Reif: Das Büro der Zukunft wird multilokal sein - das bedeutet, dass immer mehr Menschen unterschiedliche Arbeitsplätze innerhalb und außerhalb von Büros nutzen. Sie arbeiten unterwegs, zu Hause, im Co-Working-Zentrum, gemeinsam bei Freunden oder Angehörigen auf dem Land und in Verkehrsmitteln, aber selbstverständlich auch weiterhin in Büros. Die Büros werden darauf ausgelegt werden, dort höchstproduktiv und gemeinsam arbeiten zu können.
An welchen konkreten Problemstellungen arbeitet derzeit Ihr Forscherteam?
Reif: Zurzeit erarbeiten wir mithilfe zahlreicher weiterer Experten unseren "Forecast 2025 - wie wir morgen arbeiten und leben werden". Das Projekt werden wir voraussichtlich bis März 2012 abgeschlossen haben. Erste Einblicke werden wir bereits zu unserem Zukunftsforum am 26. Januar 2012 in Stuttgart vorstellen. Darüber hinaus arbeiten wir derzeit mit Hochdruck an der Fertigstellung unseres Workspace Innovation LAB in Stuttgart. In diesem "lebenden" Labor zur Büroarbeit wollen wir in den kommenden Jahren die Auswirkungen unterschiedlicher Arbeitsformen, Bürogestaltungen sowie Kommunikations- und Bürolösungen im explorativen Studiensetting im realen Arbeitsprozess erforschen.
Welche Auswirkungen wird das Thema "Home Office und Telearbeit" auf das Drucken haben?

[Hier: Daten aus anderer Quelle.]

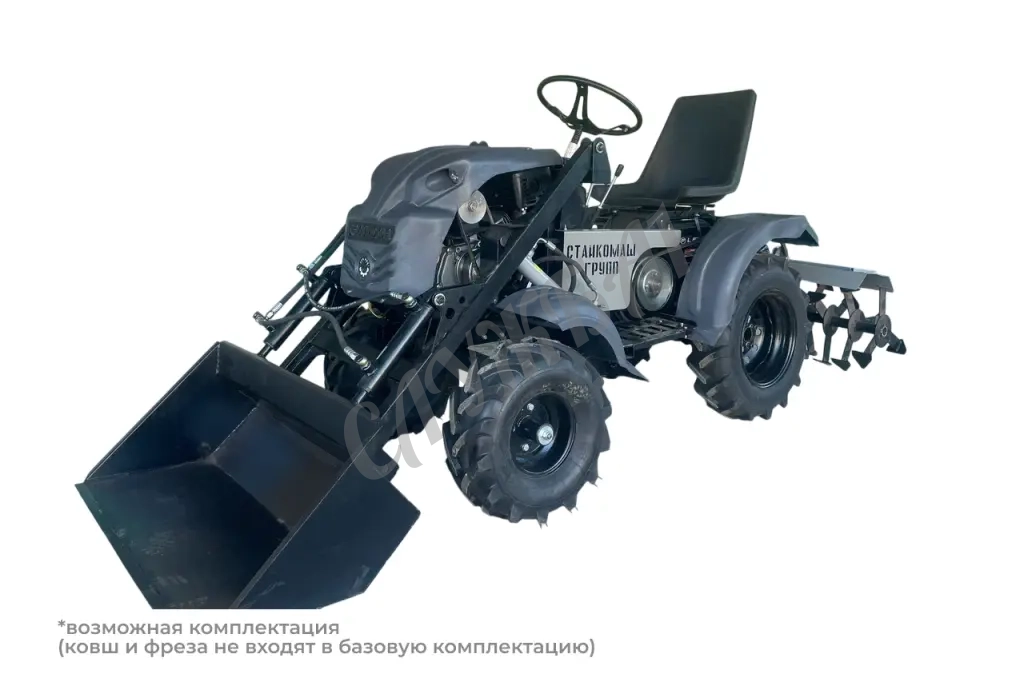 Мини-трактор DraXter СМГ-101 стандарт черный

Reif: Die Zunahme von multilokalen Arbeitsformen wird zu einer weiteren Digitalisierung der Arbeitsprozesse, Arbeitsweisen und vor allem Gewohnheiten beitragen. Für zahlreiche Mitarbeiter, die sich nicht immer am gleichen Ort aufhalten, wird das Thema Cloud-basiertes Drucken an Bedeutung gewinnen. Zwar kann ich heute wunderbar meine Konzeptionen, Präsentationen und Berechnungen zu Hause erstellen, dennoch müssen viele für eine professionelle papierbasierte Aufbereitung derselben den Umweg übers Büro machen. Ich rechne damit, dass die Nachfrage nach entsprechenden Diensten in Stadtteilen und an Verkehrsknotenpunkten steigen wird.
Welche Rolle werden Umweltschutzaspekte künftig spielen?

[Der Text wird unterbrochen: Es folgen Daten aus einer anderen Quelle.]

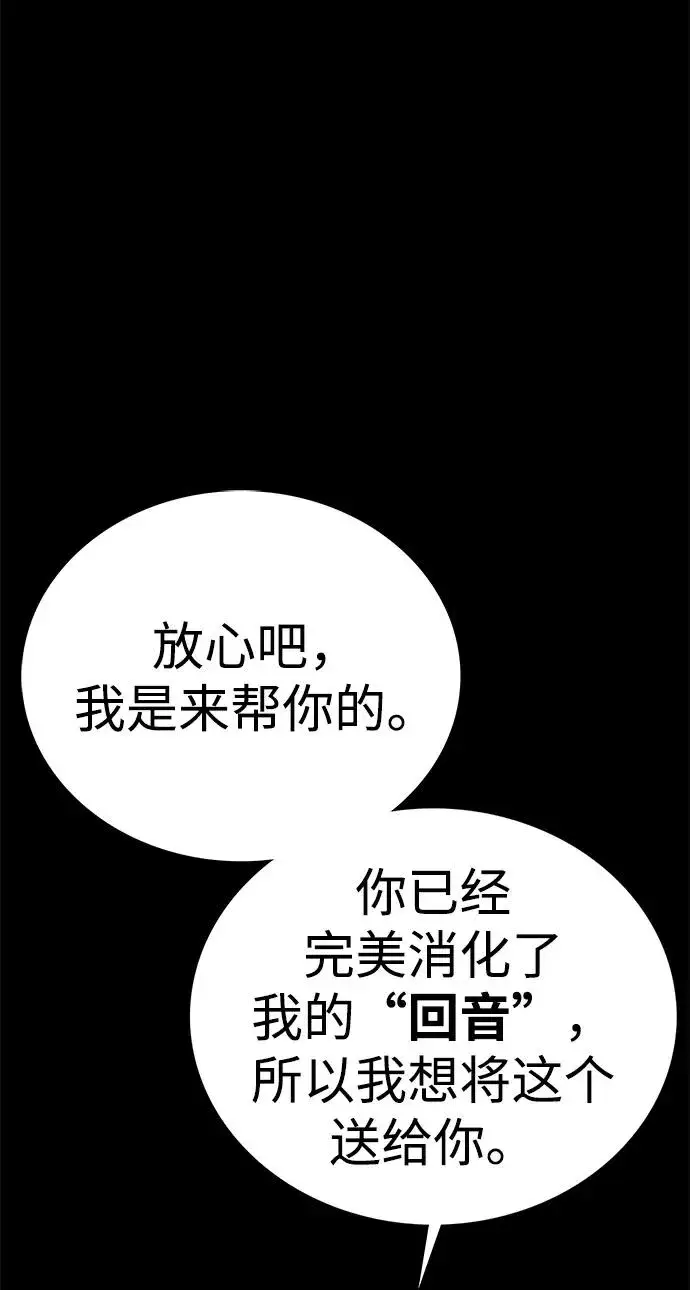 漫画《主人公隐藏了实力》第63话第19张图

Reif: Wie in allen Bereichen des Lebens nimmt die Umweltorientierung zu - auch in puncto Gestaltung, Ausstattung und Betrieb von Büros. Wir gehen davon aus, dass wir schon bald auch einen ökologischen Fußabdruck unserer Arbeit in Echtzeit ermitteln können und dies auch auf unser Verhalten einwirkt. Auf dem Markt für Büroimmobilien gibt es beispielsweise eine extrem hohe Nachfrage nach ökologisch zertifizierten Flächen, sowohl zum Kauf als auch zur Miete. Teilweise sind andere Flächen nur noch mit hohen Preisabschlägen an den Mann zu bringen.
Ist Umweltschutz im Büro nur möglich, wenn er sich auch finanziell rechnet?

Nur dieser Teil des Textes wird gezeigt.